WHAT THIS TASK INVOLVES. Transcribe the whole listing exactly; the images stay out.

MATERIAL PROVIDED.
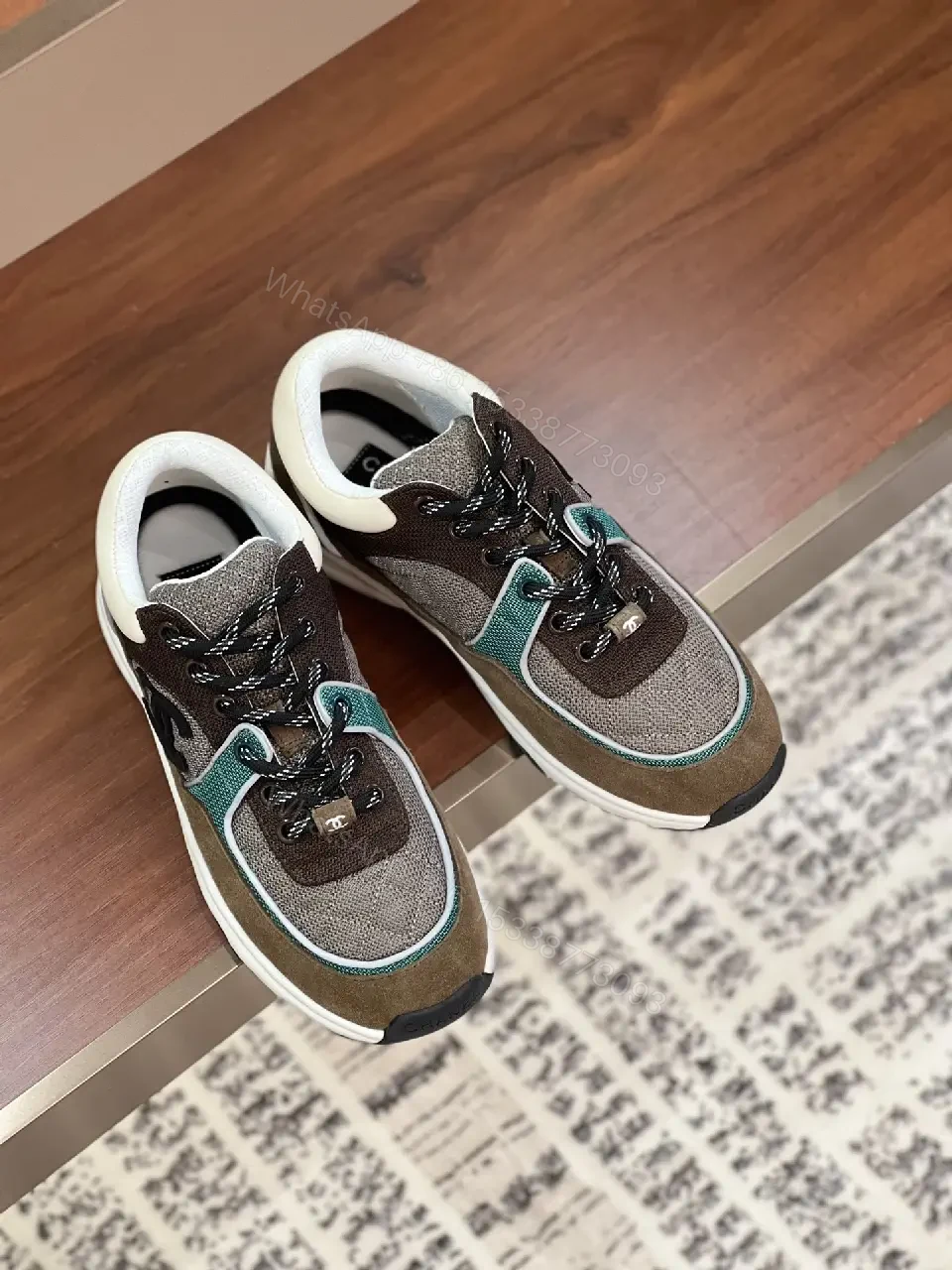 View 7 of Teal-Accented Suede Knit High-Tops: Designer-Influenced Comfort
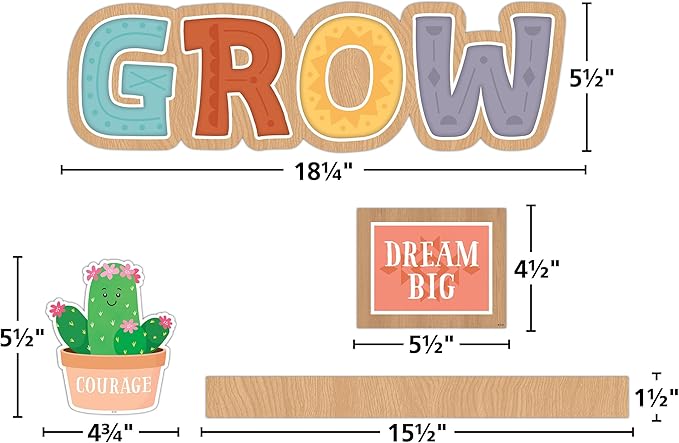 Teacher Created Resources Happy Cactus Crew Great Minds Grow Here Mini Bulletin Board (TCR6959)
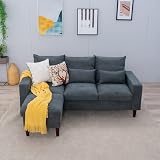 Panana Grey Fabric Corner Sofa 3 Seater with Ottoman L Shape Living Room Suite view 7
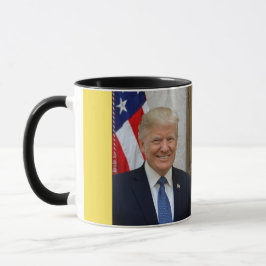 Caneca do retrato do presidente Donald Trump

COMPLETED TASK.
 View 7 of Teal-Accented Suede Knit High-Tops: Designer-Influenced Comfort
 Teacher Created Resources Happy Cactus Crew Great Minds Grow Here Mini Bulletin Board (TCR6959)
 Panana Grey Fabric Corner Sofa 3 Seater with Ottoman L Shape Living Room Suite view 7
 Caneca do retrato do presidente Donald Trump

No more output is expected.